LA TRAVERSEE, PIED-NUS, DU LAC DE BRAISE
Je suis un robot, fait de tissus organiques. Je bois, je pense, je me déplace, je mène une vie sociale presque normale, presque, mais pas tout à fait quand même.
Dehors, en bas, dans le jardinet dépendant de l’immeuble où j’habite, les thuyas s’agitent, car le vent les frôle en passant.
Ici, dans ma chambre, il est minuit et quelques, comme cela est indiqué sur le réveil mécanique qui tic et tac près de ma main gauche qui repose à plat sur le bureau où est posée la feuille blanche, enfin presque, sur laquelle j’écris en ce moment.
Il y a du silence et quelques oranges. Je n’aime pas les peler, alors elles resteront assez longtemps dans la soupière à attendre que j’aie vraiment très très envie d’un jus ou de quelques quartiers. Là n’est pas la question.
Il n’y a personne autour de moi. C’est normal. Je vis seul. Mes voisins que je connais à peine, bonjour-bonjour-ça-va-bien-oui-et-vous, dorment certainement.
Il n’est pas si tard. Mais ils travaillent le matin, contrairement à moi. J’ai gagné un concours, ça arrive, organisé par une marque de quelquechose, dont je ne veux pas faire ici de publicité, bien que ce soit leur but, et l’on me verse l’équivalent du SMIG tous les mois pendant dix ans. Il ne m’en faut pas plus, alors je reste chez moi, ou je sors si j’ai besoin de quelque chose, mais je ne travaille pas, moi.
Là n’est pas la question. Du moins, ça n’est pas la principale question.
Je suis un robot et je bois, je pense, je me déplace.
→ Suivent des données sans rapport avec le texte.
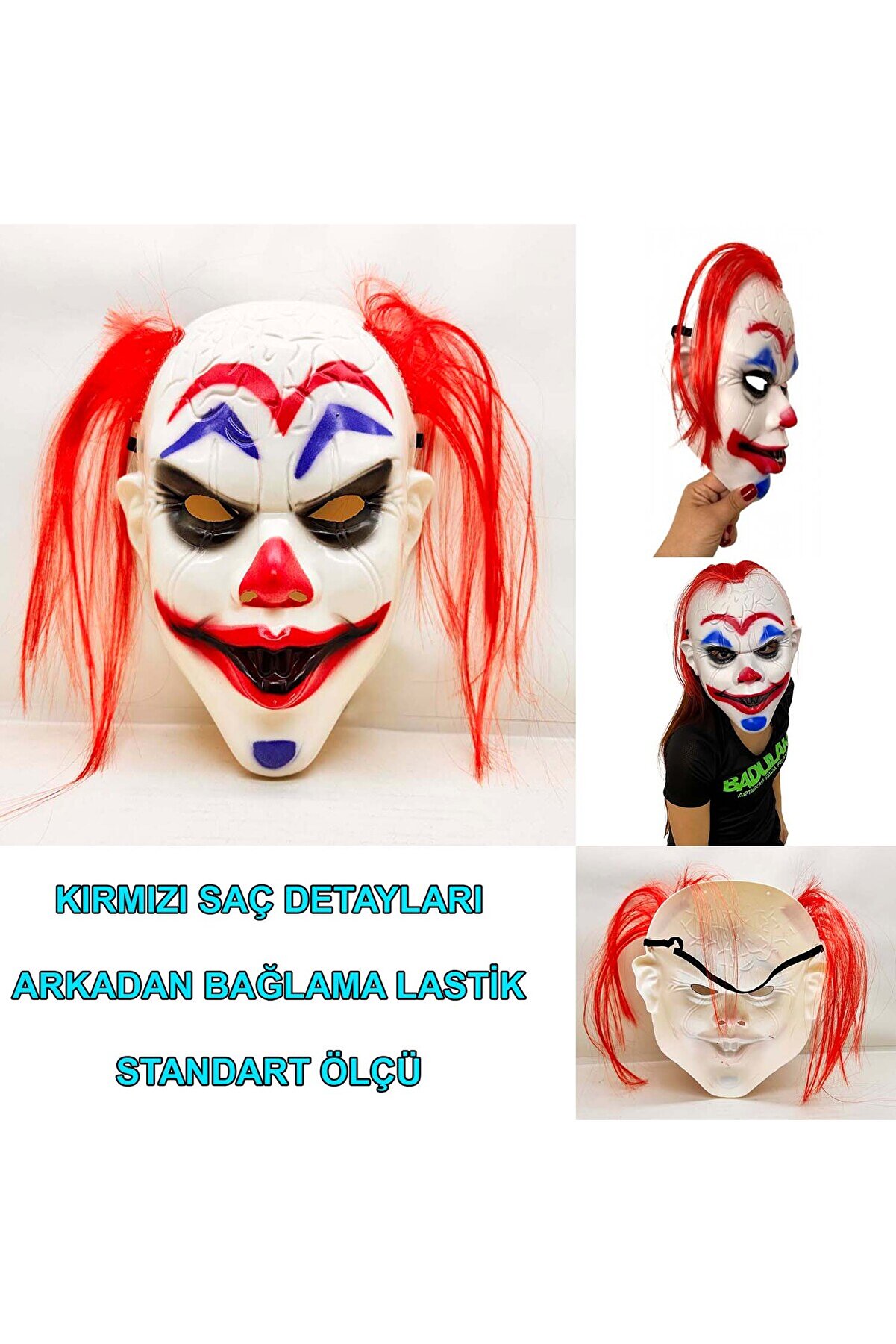 Ethab Ti̇caret Kızıl Sa&ccedil;lı Joker Palya&ccedil;o Maskesi̇
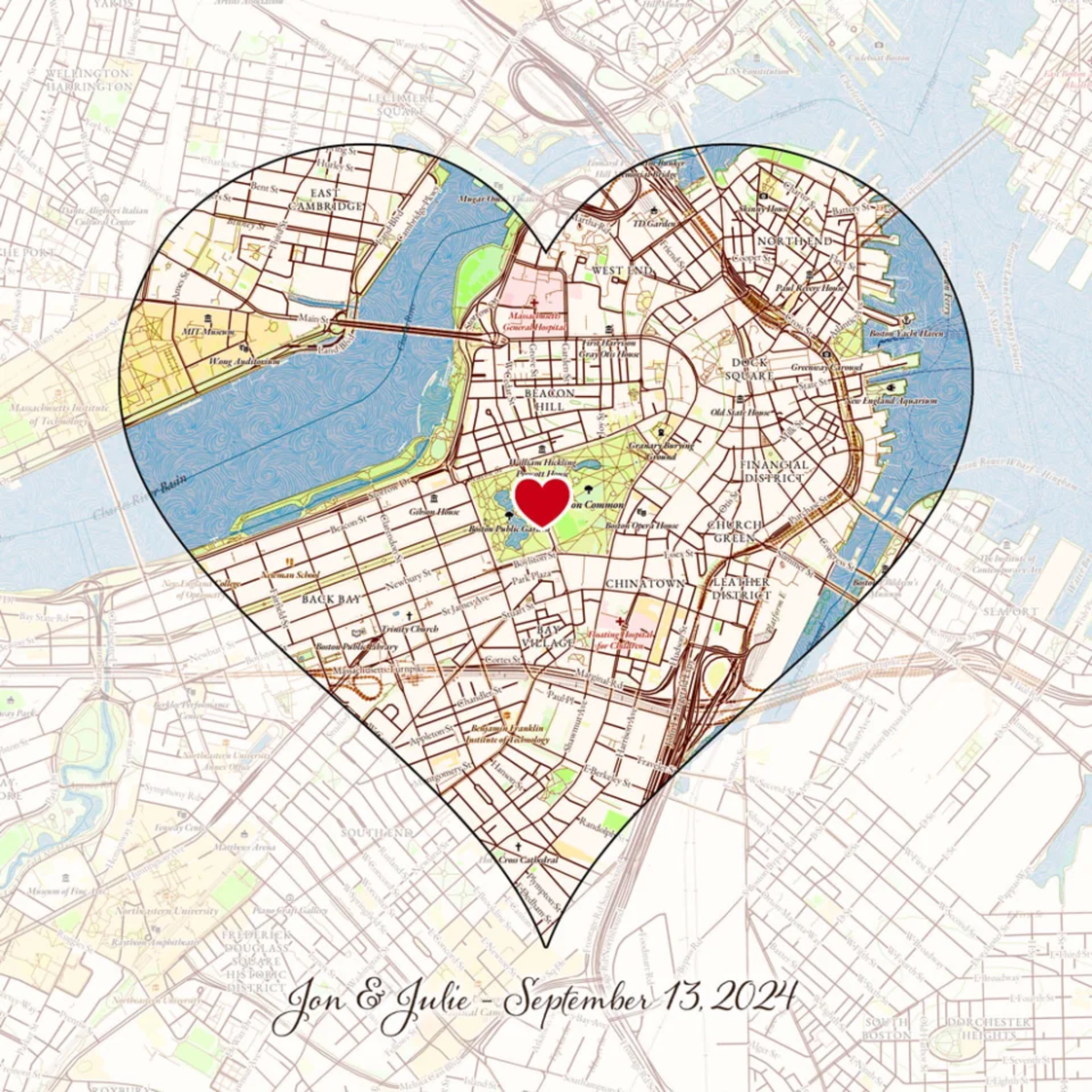Custom Heart Map Custom Map Gifts | Personalized Maps for Meaningful Places – Coastal Gifts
Je ne suis pas libre. On me l’a dit, je l’ai lu. J’ai programmé mon ordinateur pour qu’il joue au morpion. Il ne joue pas bien, je ne me suis pas cassé la tête. Mais il fait des choix. Si quatre pions adverses sont alignés, il bloque. Sinon, il fait autre chose. Ça dépend de la configuration.
Il choisit en fonction de ce qui se présente à lui. S’il avait une conscience, il dirait qu’il choisit librement. Mais pas du tout: il fonctionne. Il applique la méthode que je lui ai donnée. Il est bête. Et donc moi aussi. J’ai choisi d’écrire ce soir, mais ça ne dépend pas de moi. Je fonctionne ainsi.